Zimunya’s assessment is that while there was this apparent fixation with the past it was not clear what the past could offer by way of strategy. This dilemma was the cause of a crisis within nationalist ranks until a call to arms pointed the way to a possible revolution. Zimunya also argues that given the fact of oppression under the Smith regime and given that Smith’s forces could not have tolerated an open call to arms a more privileged generation of critics and authors has to surmise the fact that a return to the past was more than just a bit of nostalgia for the past and that it, in fact, was a strategic call to arms rather than simplistic escapism. Zimunya’s view therefore, seems to be that a return to the past would necessarily come face to face with ‘ chimurenga’ and thus point the way to future action.
In order to come up with a balanced study, Zimunya based his analysis on the following texts:
Poetry in Rhodesia (College Press 1968);
The Sunbathers and other poems (Poetry Society of Rhodesia);
A Patch of Blue Sky and Zimbabwean Ruins (Poetry Society of Zimbabwe)

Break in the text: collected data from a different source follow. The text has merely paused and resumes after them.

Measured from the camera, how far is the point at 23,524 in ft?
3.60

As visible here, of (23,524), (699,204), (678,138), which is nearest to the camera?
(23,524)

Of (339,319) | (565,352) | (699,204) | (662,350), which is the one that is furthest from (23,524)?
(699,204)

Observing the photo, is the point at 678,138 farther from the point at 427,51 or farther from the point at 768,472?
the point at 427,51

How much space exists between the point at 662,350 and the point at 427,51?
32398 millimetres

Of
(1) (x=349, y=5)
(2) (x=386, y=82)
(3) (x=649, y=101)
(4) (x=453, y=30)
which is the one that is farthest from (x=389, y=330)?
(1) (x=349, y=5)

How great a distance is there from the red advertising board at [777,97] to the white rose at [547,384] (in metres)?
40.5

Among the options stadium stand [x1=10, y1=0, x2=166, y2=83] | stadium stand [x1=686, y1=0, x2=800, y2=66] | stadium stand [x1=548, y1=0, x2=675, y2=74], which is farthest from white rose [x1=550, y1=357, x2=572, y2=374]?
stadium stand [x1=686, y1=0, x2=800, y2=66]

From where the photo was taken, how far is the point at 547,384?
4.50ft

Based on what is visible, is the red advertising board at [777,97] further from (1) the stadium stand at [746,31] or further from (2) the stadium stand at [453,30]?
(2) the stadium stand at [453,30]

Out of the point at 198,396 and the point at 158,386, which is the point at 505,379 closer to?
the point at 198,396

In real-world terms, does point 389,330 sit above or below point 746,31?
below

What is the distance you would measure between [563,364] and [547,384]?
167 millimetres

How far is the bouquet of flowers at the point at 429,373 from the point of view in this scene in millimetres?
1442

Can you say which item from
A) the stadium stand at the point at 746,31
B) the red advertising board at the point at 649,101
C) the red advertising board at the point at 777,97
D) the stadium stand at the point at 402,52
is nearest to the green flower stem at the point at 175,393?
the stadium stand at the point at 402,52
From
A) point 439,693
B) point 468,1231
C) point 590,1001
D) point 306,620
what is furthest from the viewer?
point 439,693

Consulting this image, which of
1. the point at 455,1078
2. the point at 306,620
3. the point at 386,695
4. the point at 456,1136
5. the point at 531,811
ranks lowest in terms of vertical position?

The Milkman does Not Only deliver Milk and Musical Saws (Poetry Society of Rhodesia);
And Now the Poet’s Speak (Mambo Press);
Mambo Book of Zimbabwean Verse (Mambo Press).
The Editor’s foreword to the anthology entitled ‘Poetry in Rhodesia’ reads:
As in local art, too, the decade has seen more
and more Africans contributing to Rhodesian Poetry
and the freshness of their vision is at once apparent.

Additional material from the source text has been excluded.